## ENTRIES SHOWN
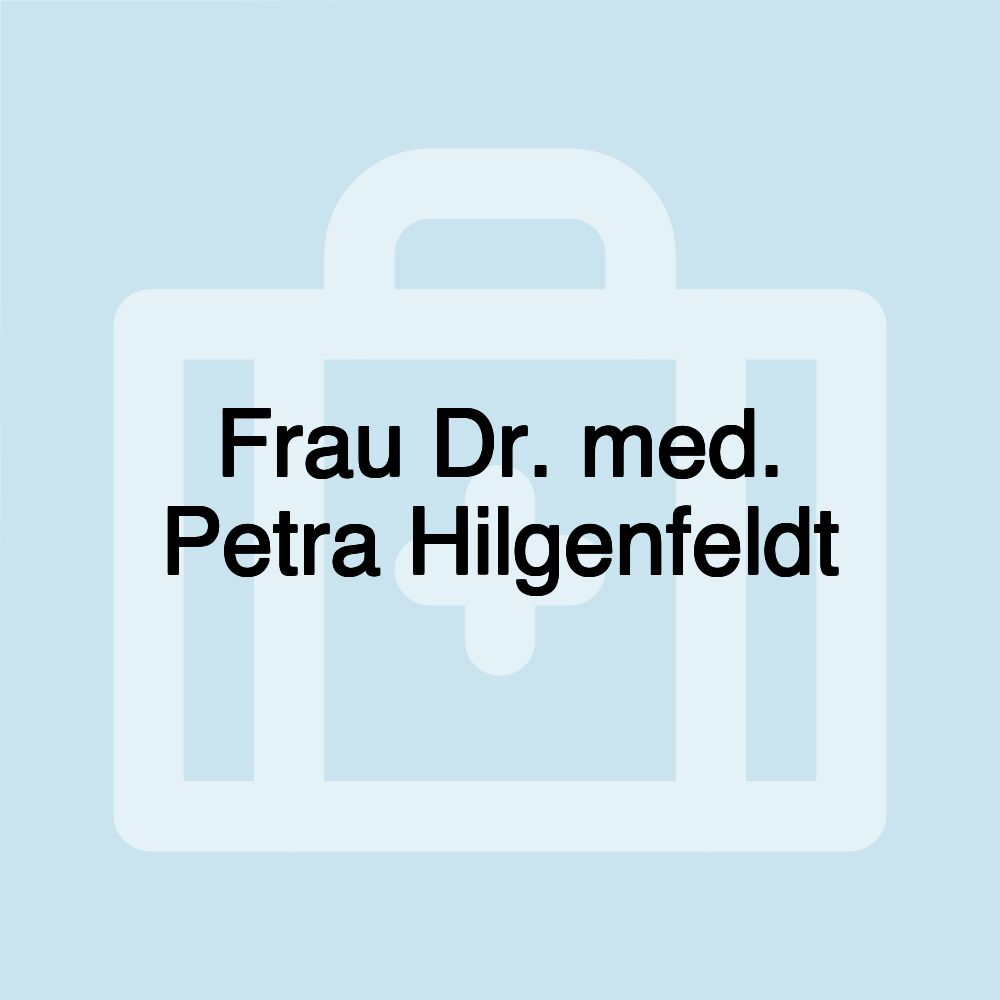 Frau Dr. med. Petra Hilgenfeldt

---

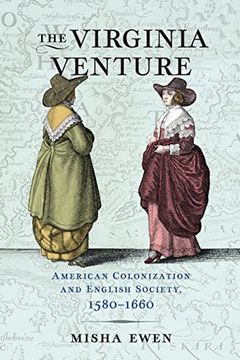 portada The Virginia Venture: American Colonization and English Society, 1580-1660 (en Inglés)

* * *

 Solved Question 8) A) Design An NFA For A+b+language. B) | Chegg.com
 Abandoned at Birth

## WORK INSTRUCTION
Within the material above, output exactly the lines from the one with "Solved Question 8)" through the one with "Abandoned at Birth", end lines included, and nothing besides.

## RESPONSE AREA
 Solved Question 8) A) Design An NFA For A+b+language. B) | Chegg.com
 Abandoned at Birth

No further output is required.